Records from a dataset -
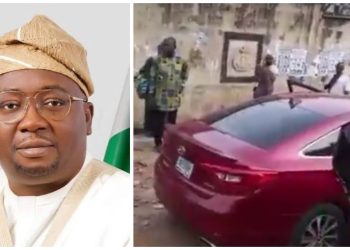 Nigeria: Gunmen kidnap Former minister Adelabu’s sister, children in Ibadan (Video)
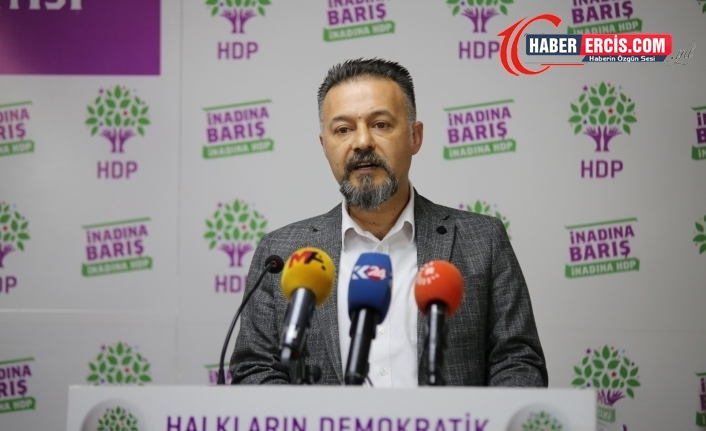 HDP Hukuk Komisyonu: Deniz Poyraz davası kaçırılmak isteniyor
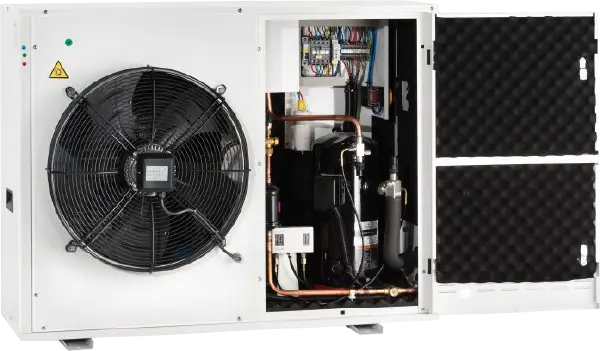 Scroll Refrigeration Units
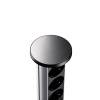 Блок розеток 105W (3 секции и 2 USB) Mebax 00-00001161 — купить в Bronko‑Decor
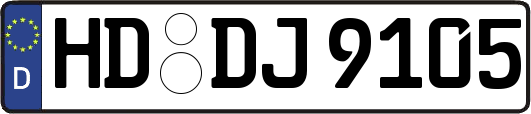 HD-DJ9105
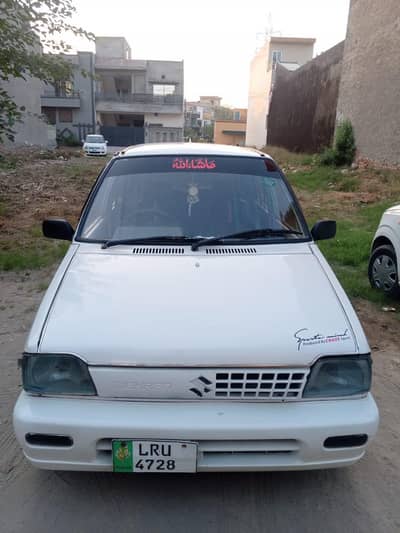 Suzuki Mehran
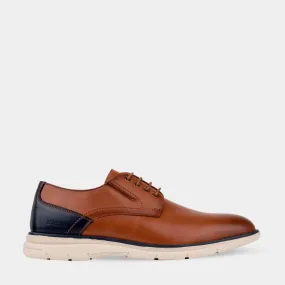 Koen Derby Lace Up Calzado Casual para Hombre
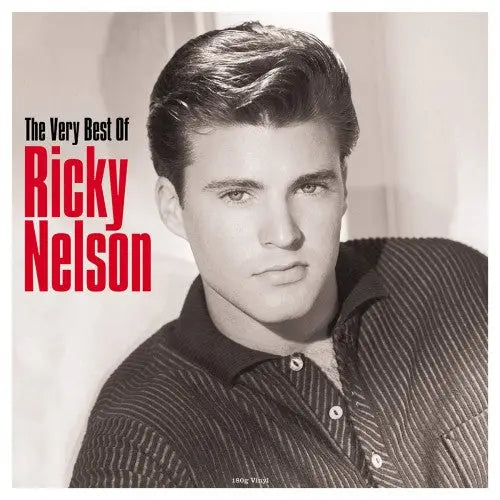 Ricky Nelson - The Very Best Of Ricky Nelson [Black] Best Coast Music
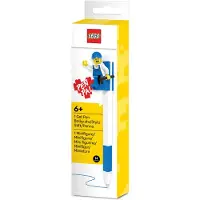 LEGO Pen Pal Gel Pen with Minifigure - Blue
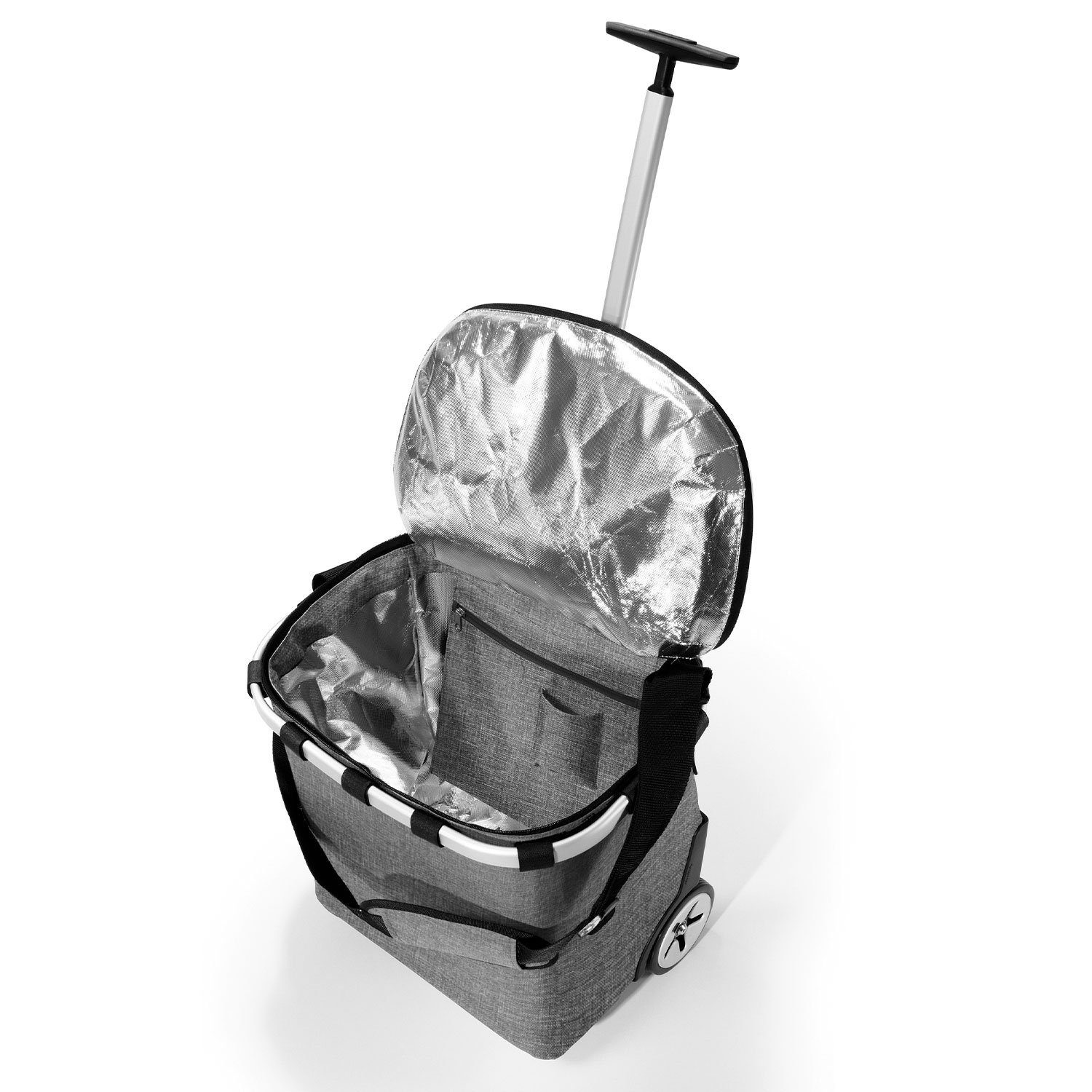 REISENTHEL® Einkaufstrolley carrycruiser, 40 l, herausnehmbares Innenfutter günstig online kaufen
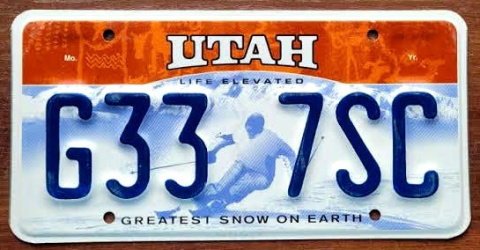 Utah Utah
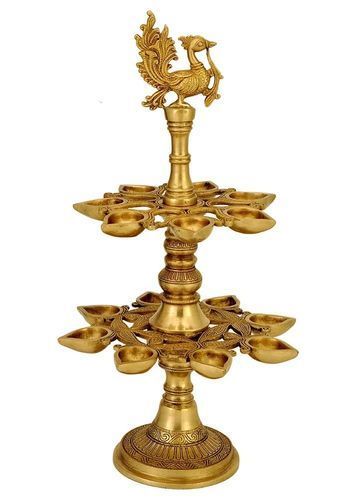 Brass Diyas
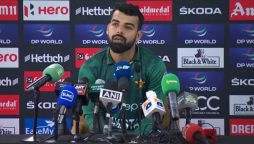 شاداب خان نے قومی ٹٰیم میں سستی کی وجہ بتادی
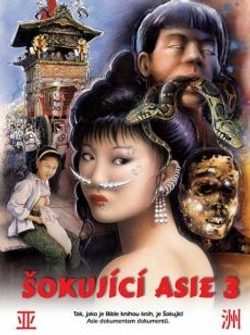 DVD Šokující Asie 3 - Po setmění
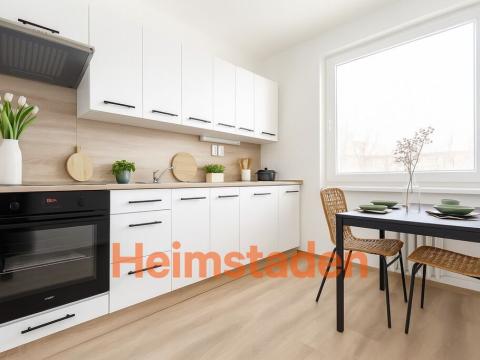 Pronájem bytu 3+1, Karviná - Nové Město, Závodní, 70 m2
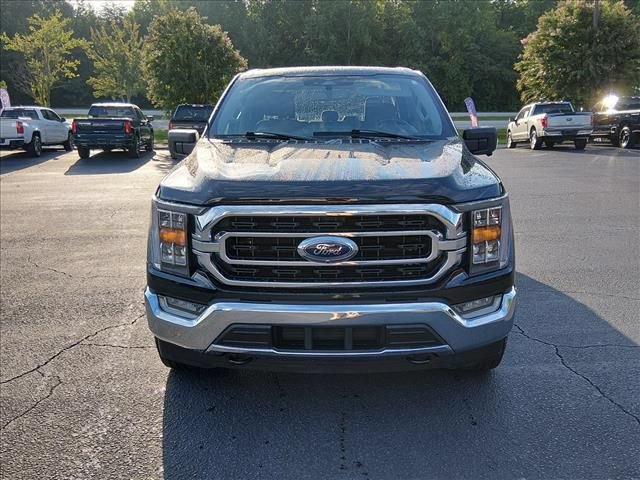 Certified 2023 Ford F150 XLT w/ Equipment Group 302A High AWD/4WD image 9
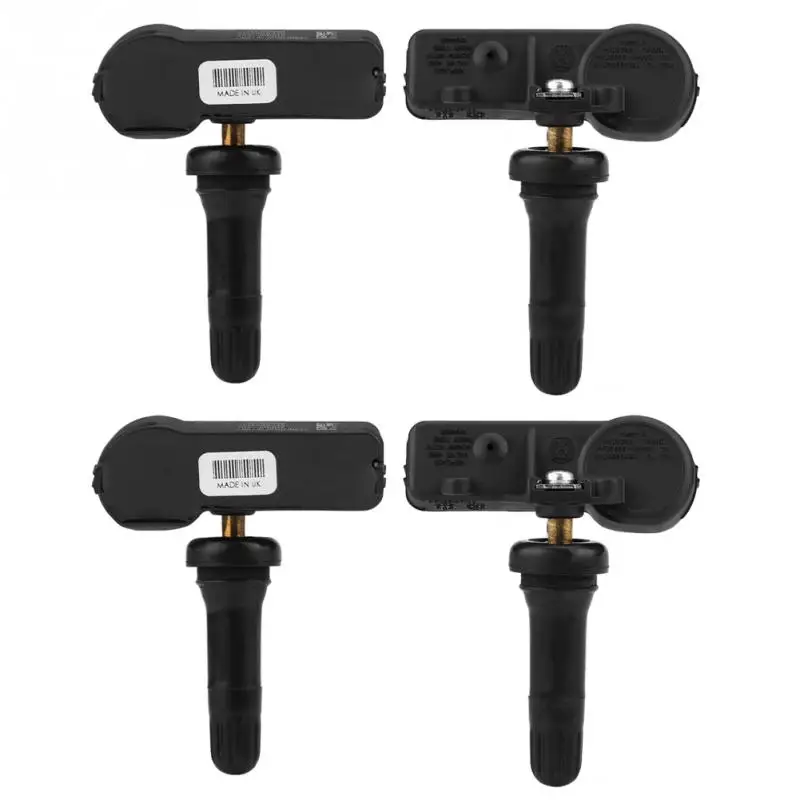 4 шт. автомобильный TPMS датчик контроля давления в шинах для GM Buick Cadillac Chevy 2285374 113586335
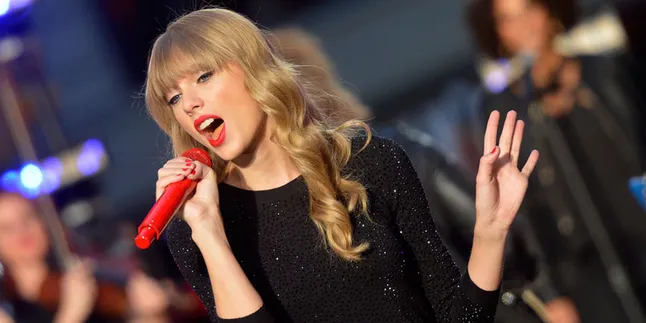 Tim McGraw: Taylor Swift Mengubah Sejarah Musik Tim McGraw: Taylor Swift Mengubah Sejarah Musik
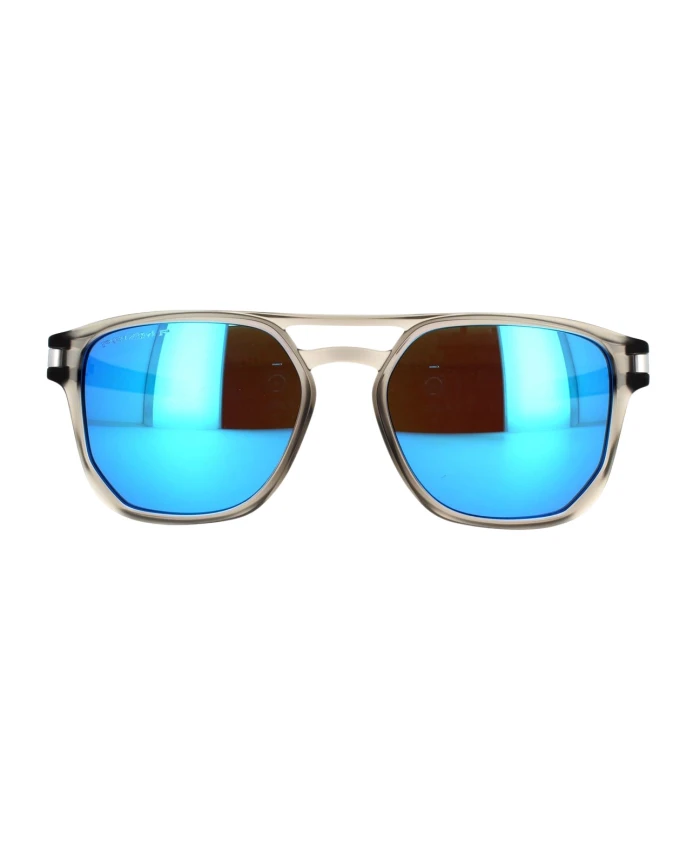 

Поляризованные солнцезащитные очки Holbrook Oakley, серый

DIRECTIONS -
In your copy, include every record word for word but no pictures.

OUTPUT BELOW -
 Nigeria: Gunmen kidnap Former minister Adelabu’s sister, children in Ibadan (Video)
 HDP Hukuk Komisyonu: Deniz Poyraz davası kaçırılmak isteniyor
 Scroll Refrigeration Units
 Блок розеток 105W (3 секции и 2 USB) Mebax 00-00001161 — купить в Bronko‑Decor
 HD-DJ9105
 Suzuki Mehran
 Koen Derby Lace Up Calzado Casual para Hombre
 Ricky Nelson - The Very Best Of Ricky Nelson [Black] Best Coast Music
 LEGO Pen Pal Gel Pen with Minifigure - Blue
 REISENTHEL® Einkaufstrolley carrycruiser, 40 l, herausnehmbares Innenfutter günstig online kaufen
 Utah Utah
 Brass Diyas
 شاداب خان نے قومی ٹٰیم میں سستی کی وجہ بتادی
 DVD Šokující Asie 3 - Po setmění
 Pronájem bytu 3+1, Karviná - Nové Město, Závodní, 70 m2
 Certified 2023 Ford F150 XLT w/ Equipment Group 302A High AWD/4WD image 9
 4 шт. автомобильный TPMS датчик контроля давления в шинах для GM Buick Cadillac Chevy 2285374 113586335
 Tim McGraw: Taylor Swift Mengubah Sejarah Musik Tim McGraw: Taylor Swift Mengubah Sejarah Musik

Поляризованные солнцезащитные очки Holbrook Oakley, серый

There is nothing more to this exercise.